Drugs are administered rectally for a systemic effect if:
1. they are irritating to the stomach
2. the patient is nauseated
3. the patent is an infant or cannot take the drug orally, or
4. a sustained effect is desired
Drugs are also administered rectally for a local effect
The rate limiting factor controlling rectal absorption is extraction of the drug from the suppository mass. - After this step, drugs are absorbed in relation to the lipid solubility of the non-ionized molecule

25
Q

what is IV injection?

A

Intravenous - into the vein

Immediate effect, danger of overdose

26
Q

What is IM injection?

A

Intramuscular - into the muscle
If the drug is soluble in aqueous media, absorption occurs rapidly; if the drug is administered in suspension, absorption is prolonged.

27
Q

What is SC injection?

A

Subcutaneous - beneath the skin

absorption almost as rapid as intramuscular

28
Q

What is IA injection?

A

Intra-articular - injection into a joint

29
Q

What is inhalation?

A

puffs, inh
For systemic effect - actions start immediately
For local effect - on the bronchioles

30
Q

What is topical?

A

topical - applied to the skin, creams, ointments, lotions, patches
For a systemic effect - drug must be able to pass through the stratum corneum; drug must be lipophilic; occlusion (covering an area) facilitates drug penetration.
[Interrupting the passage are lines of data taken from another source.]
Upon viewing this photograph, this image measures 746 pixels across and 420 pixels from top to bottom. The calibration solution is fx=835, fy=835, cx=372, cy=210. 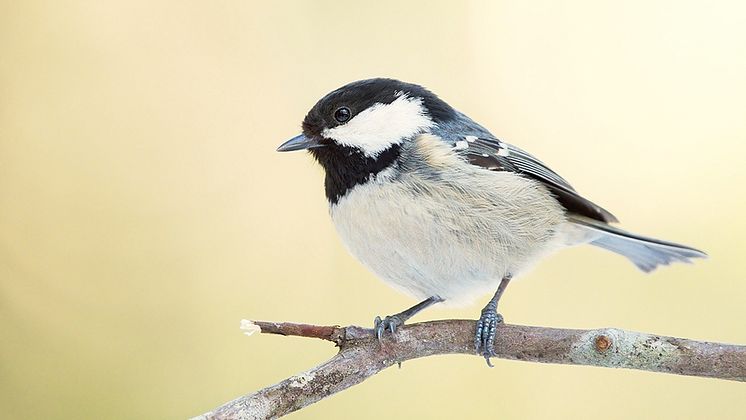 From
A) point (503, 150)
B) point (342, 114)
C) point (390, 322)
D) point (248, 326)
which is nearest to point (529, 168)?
point (503, 150)

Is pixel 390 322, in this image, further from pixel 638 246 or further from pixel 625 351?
pixel 638 246

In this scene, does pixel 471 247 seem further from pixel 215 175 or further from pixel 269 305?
pixel 215 175

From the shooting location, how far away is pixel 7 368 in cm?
273

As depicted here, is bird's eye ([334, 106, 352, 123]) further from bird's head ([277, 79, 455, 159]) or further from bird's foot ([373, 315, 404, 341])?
bird's foot ([373, 315, 404, 341])

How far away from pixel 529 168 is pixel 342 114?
0.56m

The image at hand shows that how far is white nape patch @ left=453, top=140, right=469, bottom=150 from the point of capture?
7.11ft

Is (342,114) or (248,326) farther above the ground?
(342,114)

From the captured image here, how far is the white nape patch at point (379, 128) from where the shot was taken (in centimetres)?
208

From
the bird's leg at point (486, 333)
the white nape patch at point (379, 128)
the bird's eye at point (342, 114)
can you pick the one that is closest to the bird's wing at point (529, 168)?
the white nape patch at point (379, 128)

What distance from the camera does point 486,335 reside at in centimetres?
193

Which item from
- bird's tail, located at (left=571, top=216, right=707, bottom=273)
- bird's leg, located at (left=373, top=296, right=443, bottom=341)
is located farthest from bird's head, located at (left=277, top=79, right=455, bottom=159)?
bird's tail, located at (left=571, top=216, right=707, bottom=273)

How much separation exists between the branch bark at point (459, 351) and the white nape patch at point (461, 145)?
48cm

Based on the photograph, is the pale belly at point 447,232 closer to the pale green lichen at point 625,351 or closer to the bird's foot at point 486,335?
the bird's foot at point 486,335

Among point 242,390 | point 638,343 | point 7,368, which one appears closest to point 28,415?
point 7,368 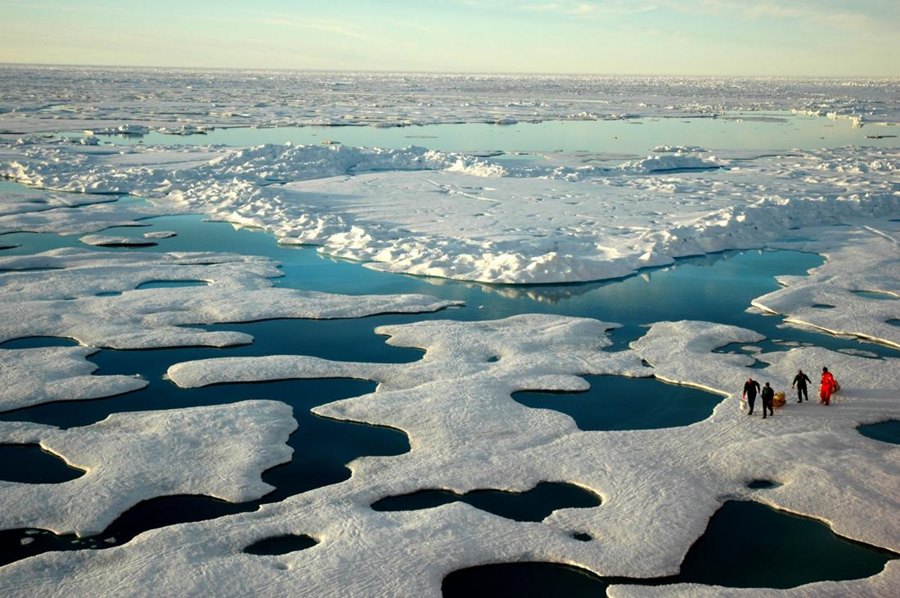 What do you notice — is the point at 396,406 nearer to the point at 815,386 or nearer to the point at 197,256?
the point at 815,386

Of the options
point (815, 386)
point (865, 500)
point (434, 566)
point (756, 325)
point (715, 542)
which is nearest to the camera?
point (434, 566)

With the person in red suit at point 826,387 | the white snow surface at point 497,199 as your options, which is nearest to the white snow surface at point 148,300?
the white snow surface at point 497,199

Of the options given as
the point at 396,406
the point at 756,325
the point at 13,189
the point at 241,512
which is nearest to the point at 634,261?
the point at 756,325

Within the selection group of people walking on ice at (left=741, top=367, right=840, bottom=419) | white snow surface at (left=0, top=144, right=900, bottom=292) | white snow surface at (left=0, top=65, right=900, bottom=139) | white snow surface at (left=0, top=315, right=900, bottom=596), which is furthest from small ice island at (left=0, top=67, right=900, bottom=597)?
white snow surface at (left=0, top=65, right=900, bottom=139)

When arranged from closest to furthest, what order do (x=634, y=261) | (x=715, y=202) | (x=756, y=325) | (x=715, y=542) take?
(x=715, y=542), (x=756, y=325), (x=634, y=261), (x=715, y=202)

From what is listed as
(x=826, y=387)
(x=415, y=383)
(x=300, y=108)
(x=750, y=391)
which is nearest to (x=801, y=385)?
(x=826, y=387)

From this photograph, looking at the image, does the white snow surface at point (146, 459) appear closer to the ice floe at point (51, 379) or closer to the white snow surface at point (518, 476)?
the white snow surface at point (518, 476)

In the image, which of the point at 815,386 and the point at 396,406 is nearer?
the point at 396,406

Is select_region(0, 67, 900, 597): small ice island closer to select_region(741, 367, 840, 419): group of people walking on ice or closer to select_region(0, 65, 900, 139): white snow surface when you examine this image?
select_region(741, 367, 840, 419): group of people walking on ice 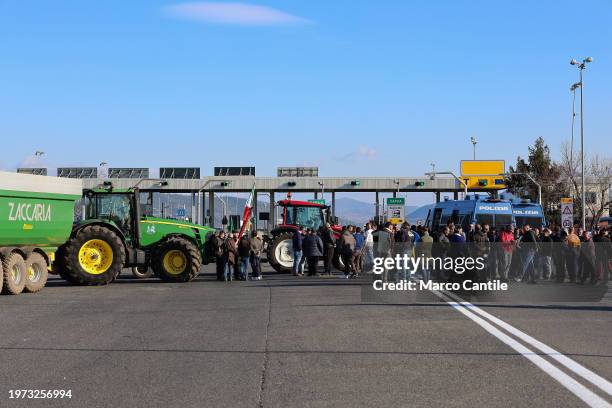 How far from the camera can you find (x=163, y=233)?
25.7m

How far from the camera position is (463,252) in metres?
22.2

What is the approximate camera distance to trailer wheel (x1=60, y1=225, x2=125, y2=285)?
23172 millimetres

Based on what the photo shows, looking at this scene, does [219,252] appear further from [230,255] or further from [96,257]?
[96,257]

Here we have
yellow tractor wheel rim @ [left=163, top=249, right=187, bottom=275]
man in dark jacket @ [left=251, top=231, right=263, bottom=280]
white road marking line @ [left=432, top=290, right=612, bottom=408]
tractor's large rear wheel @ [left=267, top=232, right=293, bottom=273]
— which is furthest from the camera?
tractor's large rear wheel @ [left=267, top=232, right=293, bottom=273]

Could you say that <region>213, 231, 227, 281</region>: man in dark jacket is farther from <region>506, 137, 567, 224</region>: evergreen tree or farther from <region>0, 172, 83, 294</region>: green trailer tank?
<region>506, 137, 567, 224</region>: evergreen tree

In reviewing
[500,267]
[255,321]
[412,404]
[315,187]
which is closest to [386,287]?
[500,267]

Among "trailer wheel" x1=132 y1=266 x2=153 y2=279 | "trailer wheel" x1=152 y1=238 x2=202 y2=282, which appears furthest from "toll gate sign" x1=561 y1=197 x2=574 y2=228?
"trailer wheel" x1=152 y1=238 x2=202 y2=282

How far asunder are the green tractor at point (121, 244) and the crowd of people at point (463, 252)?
1.62 m

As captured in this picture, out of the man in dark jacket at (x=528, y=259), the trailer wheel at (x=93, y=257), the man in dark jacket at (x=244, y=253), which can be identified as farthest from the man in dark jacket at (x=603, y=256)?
the trailer wheel at (x=93, y=257)

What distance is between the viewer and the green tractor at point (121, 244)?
76.6 ft

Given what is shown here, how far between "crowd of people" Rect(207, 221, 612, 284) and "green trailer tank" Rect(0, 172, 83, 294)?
5.76 meters

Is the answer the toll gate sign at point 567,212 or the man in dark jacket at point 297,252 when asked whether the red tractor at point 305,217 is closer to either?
the man in dark jacket at point 297,252

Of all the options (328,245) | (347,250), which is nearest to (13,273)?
(347,250)

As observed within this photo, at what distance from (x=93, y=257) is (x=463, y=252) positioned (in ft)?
32.5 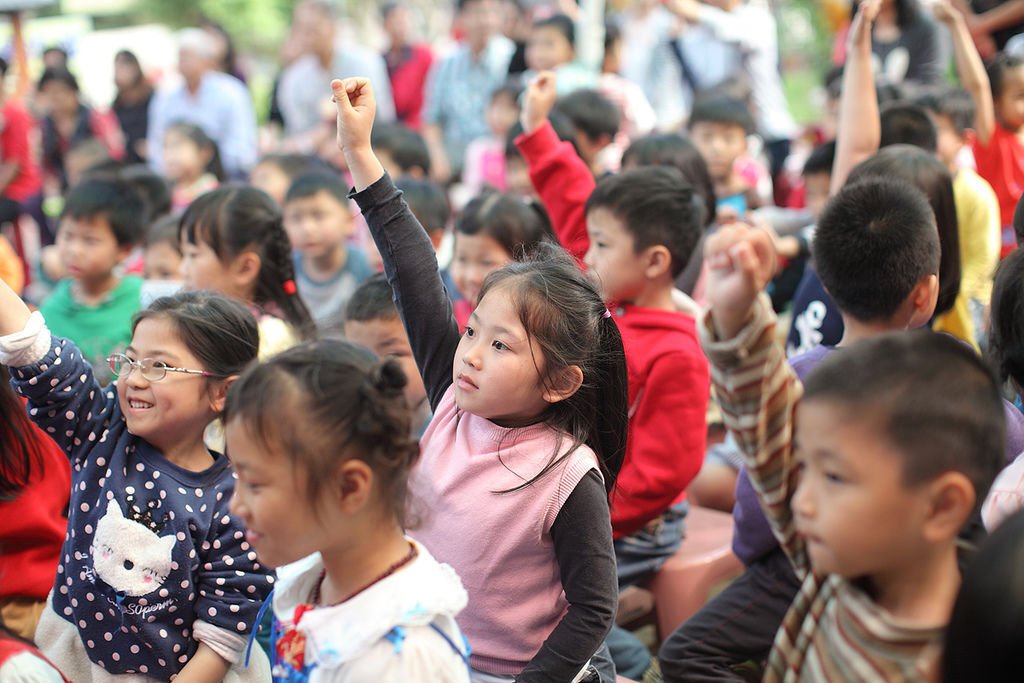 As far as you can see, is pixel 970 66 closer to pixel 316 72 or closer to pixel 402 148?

This method of drug administartion provides for a slow, continuous absorption of the drug over a period of many hours
For a local effect - to treat inflammation or localized infections

31
Q

What is blood brain barrier?

A

Brain capillary endothelial cells have no pores
In addition, glial connective tissue is attached to the basement membrane of capillary endothelium
Together, these structural modifications are called the blood-brain barrier.
Ionized molecules cannot enter the brain - water soluble
Non-ionized molecules, not bound to plasma proteins enter the brain easily - fat soluble.

32
Q

Placental transfer of drugs

A

The mature placenta contains a network of maternal blood sinuses that interface with villi that carry the fetal capillaries
Drugs cross the placenta by simple diffusion
Lipid-soluble, non-ionized drugs readily enter the fetal blood from the maternal circulation
Placental transfer occurs less readily with drugs possessing a high degree of dissociation or low lipid solubility
The view that the placenta is a barrier to drugs is not correct
The fetus is, to at least some extent, exposed to essentially all drugs taken by the mother.